» **What the task asks**: Lines from the first one down to the one containing "Паметник в почит" in the data below are the only ones needed; please return them exactly, both ends included.

------ Task material ------

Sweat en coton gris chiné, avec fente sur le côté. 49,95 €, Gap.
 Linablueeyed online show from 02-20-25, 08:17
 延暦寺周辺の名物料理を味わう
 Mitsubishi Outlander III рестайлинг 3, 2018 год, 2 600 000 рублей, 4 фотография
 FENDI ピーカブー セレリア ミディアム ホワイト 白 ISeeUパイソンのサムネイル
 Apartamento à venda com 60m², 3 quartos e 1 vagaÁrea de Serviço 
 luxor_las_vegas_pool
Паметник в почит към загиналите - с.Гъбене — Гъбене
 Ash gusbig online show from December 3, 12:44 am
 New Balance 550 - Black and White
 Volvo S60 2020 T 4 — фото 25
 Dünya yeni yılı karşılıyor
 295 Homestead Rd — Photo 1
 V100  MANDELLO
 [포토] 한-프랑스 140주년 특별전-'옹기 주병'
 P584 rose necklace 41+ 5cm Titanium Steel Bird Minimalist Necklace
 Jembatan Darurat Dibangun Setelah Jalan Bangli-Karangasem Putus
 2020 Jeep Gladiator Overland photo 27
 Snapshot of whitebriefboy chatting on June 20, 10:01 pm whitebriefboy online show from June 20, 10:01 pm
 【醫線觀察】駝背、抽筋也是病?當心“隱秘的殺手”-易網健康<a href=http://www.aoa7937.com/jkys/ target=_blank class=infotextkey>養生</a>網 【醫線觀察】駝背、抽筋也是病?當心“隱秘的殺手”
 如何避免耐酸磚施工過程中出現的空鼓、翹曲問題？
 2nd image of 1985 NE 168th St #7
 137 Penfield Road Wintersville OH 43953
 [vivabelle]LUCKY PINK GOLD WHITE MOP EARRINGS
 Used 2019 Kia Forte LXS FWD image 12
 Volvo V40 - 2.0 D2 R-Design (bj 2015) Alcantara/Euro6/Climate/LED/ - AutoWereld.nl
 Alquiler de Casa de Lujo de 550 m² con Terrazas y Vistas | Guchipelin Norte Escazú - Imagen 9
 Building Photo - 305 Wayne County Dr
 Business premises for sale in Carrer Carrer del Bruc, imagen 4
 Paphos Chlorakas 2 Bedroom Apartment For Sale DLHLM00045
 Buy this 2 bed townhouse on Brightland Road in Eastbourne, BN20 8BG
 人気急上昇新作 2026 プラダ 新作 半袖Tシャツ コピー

------

» **Answer section**:
Sweat en coton gris chiné, avec fente sur le côté. 49,95 €, Gap.
 Linablueeyed online show from 02-20-25, 08:17
 延暦寺周辺の名物料理を味わう
 Mitsubishi Outlander III рестайлинг 3, 2018 год, 2 600 000 рублей, 4 фотография
 FENDI ピーカブー セレリア ミディアム ホワイト 白 ISeeUパイソンのサムネイル
 Apartamento à venda com 60m², 3 quartos e 1 vagaÁrea de Serviço 
 luxor_las_vegas_pool
Паметник в почит към загиналите - с.Гъбене — Гъбене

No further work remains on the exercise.